**REQUIRED WORK**
Under this line are the records; repeat exactly the lines starting at the one containing "Anti-HCRTR1 / Orexin" and ending at the one containing "blackheads treatment", omitting pictures.

**DATA LISTING**
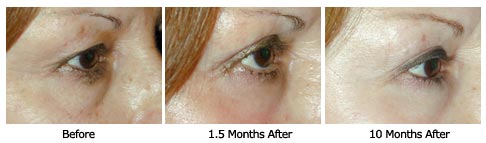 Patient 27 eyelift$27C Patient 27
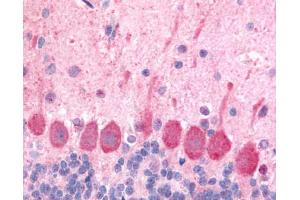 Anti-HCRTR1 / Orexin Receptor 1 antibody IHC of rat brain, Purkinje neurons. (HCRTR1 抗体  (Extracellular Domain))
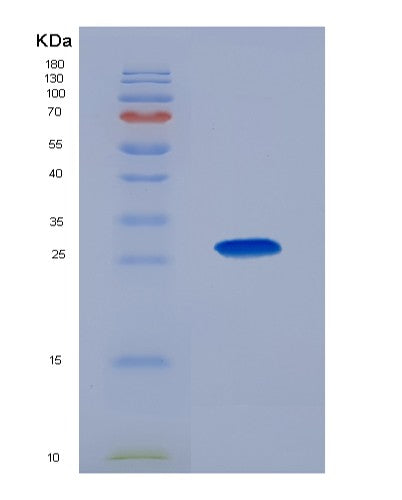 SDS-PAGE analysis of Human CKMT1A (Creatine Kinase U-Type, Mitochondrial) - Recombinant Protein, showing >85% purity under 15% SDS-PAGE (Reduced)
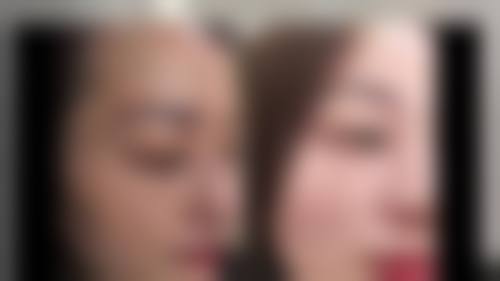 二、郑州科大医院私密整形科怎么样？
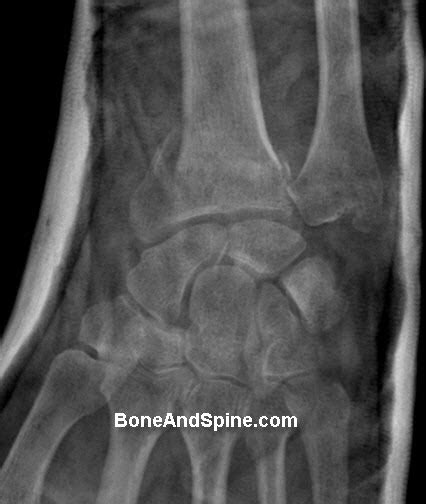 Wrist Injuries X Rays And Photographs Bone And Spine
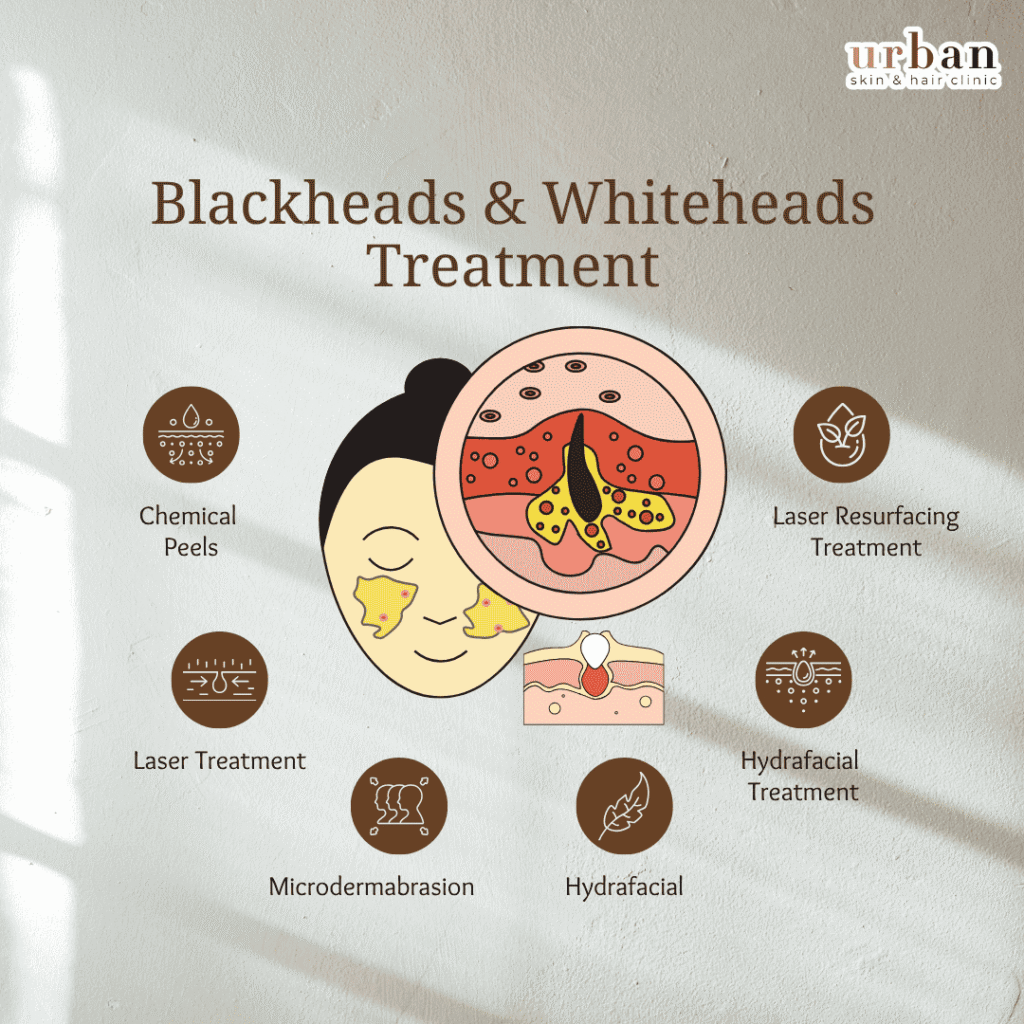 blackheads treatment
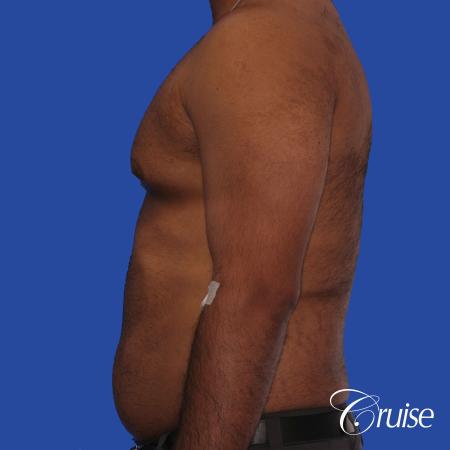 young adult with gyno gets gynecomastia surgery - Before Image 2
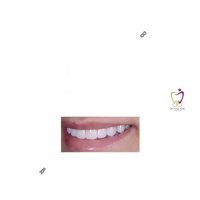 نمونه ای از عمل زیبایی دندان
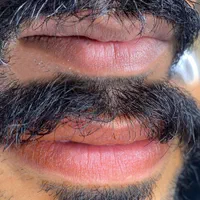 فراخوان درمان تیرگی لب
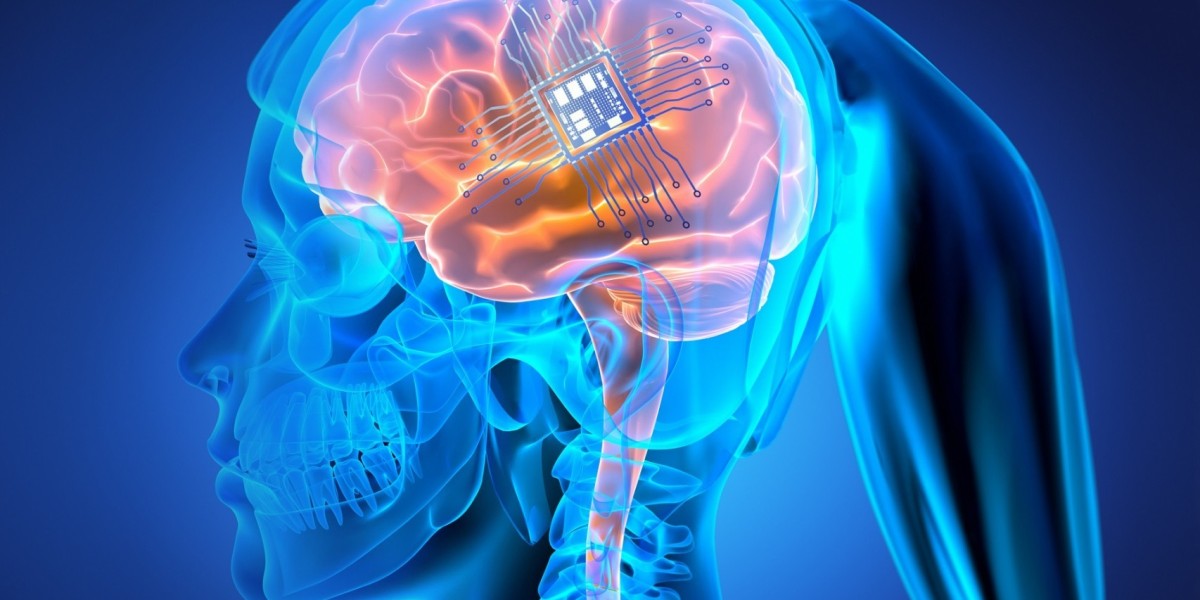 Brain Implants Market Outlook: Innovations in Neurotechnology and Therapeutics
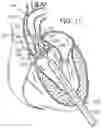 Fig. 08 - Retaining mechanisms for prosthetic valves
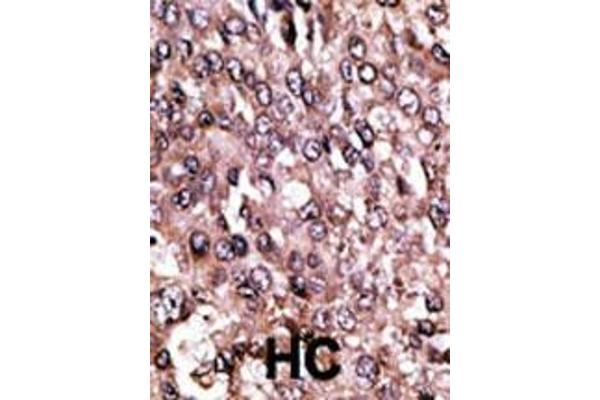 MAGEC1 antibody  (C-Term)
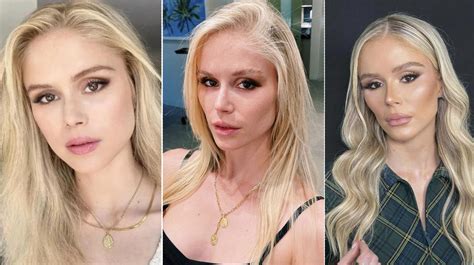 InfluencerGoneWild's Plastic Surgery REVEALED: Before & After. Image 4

---

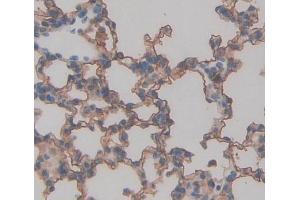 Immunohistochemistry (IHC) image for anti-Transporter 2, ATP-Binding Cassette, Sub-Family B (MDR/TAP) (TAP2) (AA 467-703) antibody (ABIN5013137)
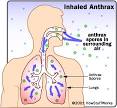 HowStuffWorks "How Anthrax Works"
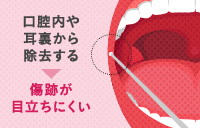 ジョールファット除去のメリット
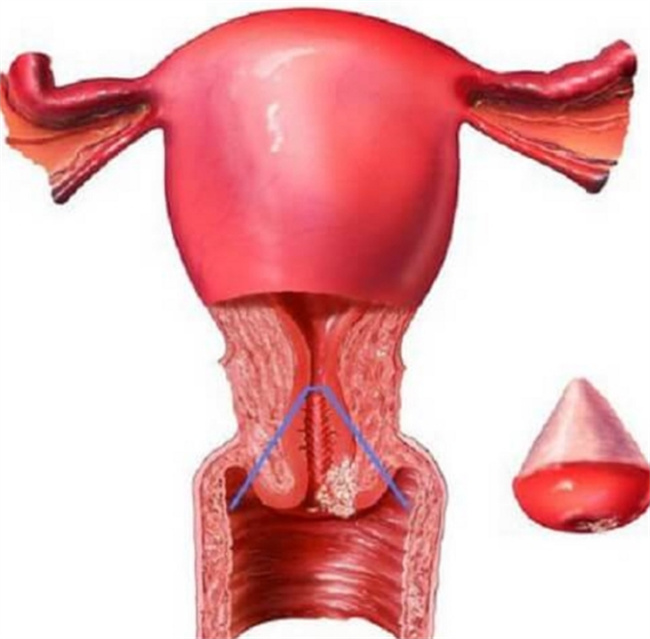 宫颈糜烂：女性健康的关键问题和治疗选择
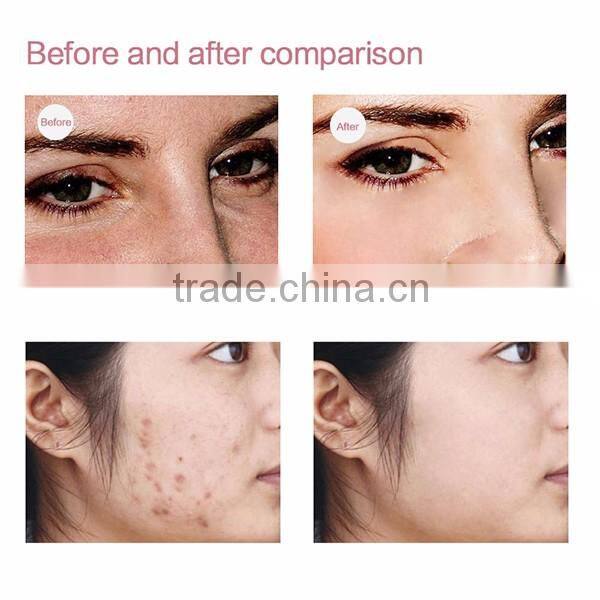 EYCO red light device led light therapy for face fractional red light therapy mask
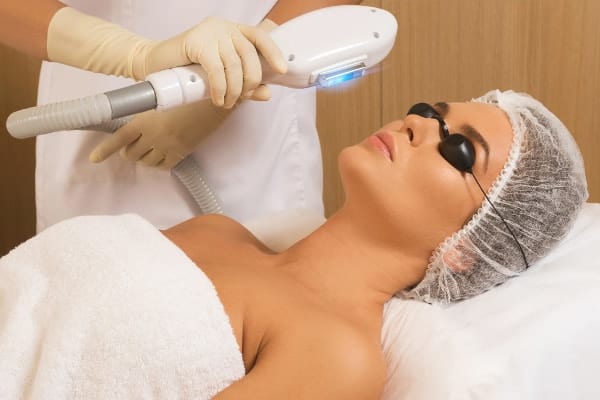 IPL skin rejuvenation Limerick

---

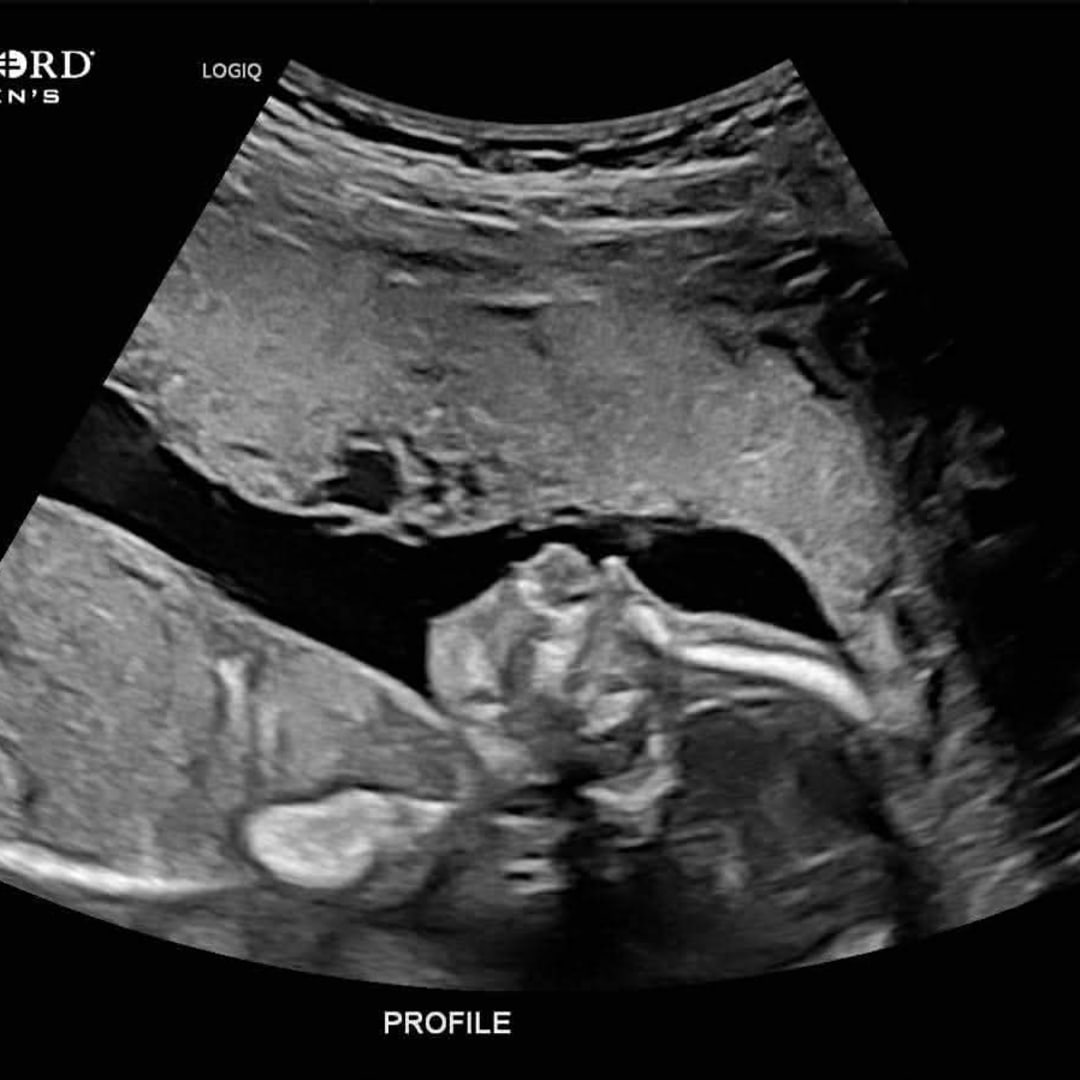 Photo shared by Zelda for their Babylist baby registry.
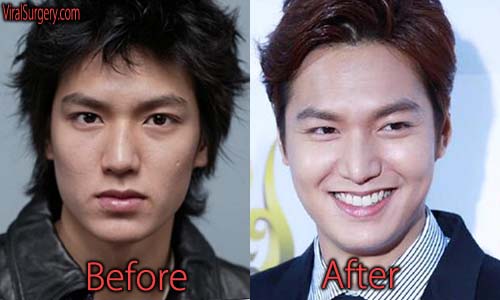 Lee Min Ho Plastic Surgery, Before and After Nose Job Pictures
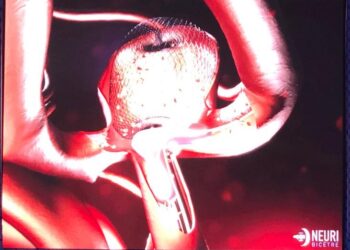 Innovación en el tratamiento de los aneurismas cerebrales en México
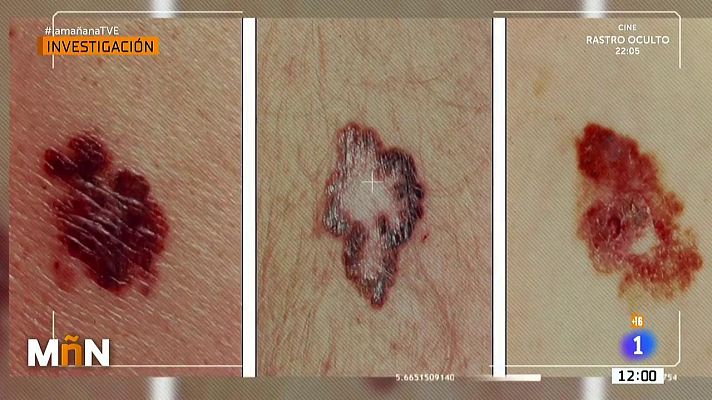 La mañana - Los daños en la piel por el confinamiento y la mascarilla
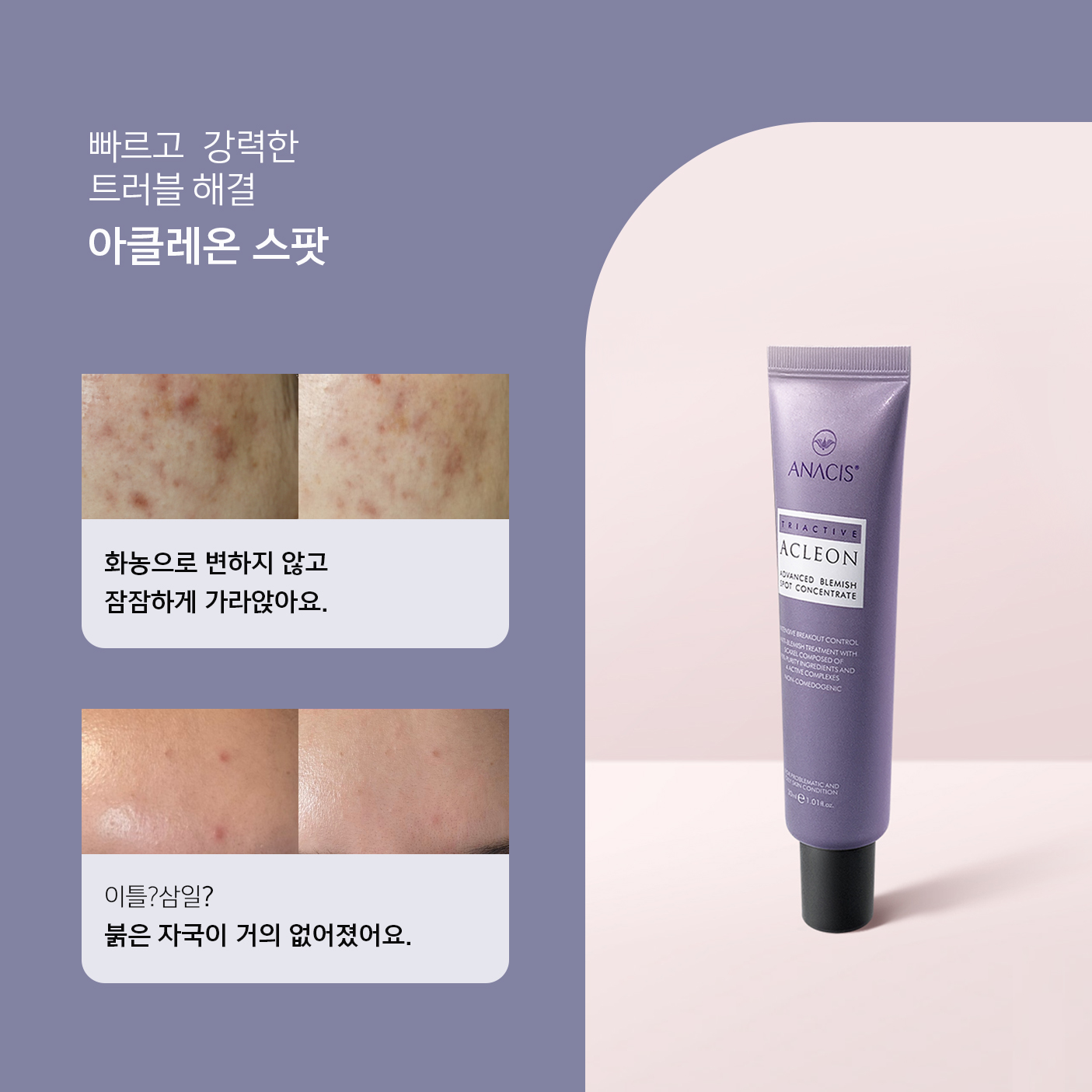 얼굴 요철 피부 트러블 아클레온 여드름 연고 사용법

**EXERCISE RESPONSE**
 Anti-HCRTR1 / Orexin Receptor 1 antibody IHC of rat brain, Purkinje neurons. (HCRTR1 抗体  (Extracellular Domain))
 SDS-PAGE analysis of Human CKMT1A (Creatine Kinase U-Type, Mitochondrial) - Recombinant Protein, showing >85% purity under 15% SDS-PAGE (Reduced)
 二、郑州科大医院私密整形科怎么样？
 Wrist Injuries X Rays And Photographs Bone And Spine
 blackheads treatment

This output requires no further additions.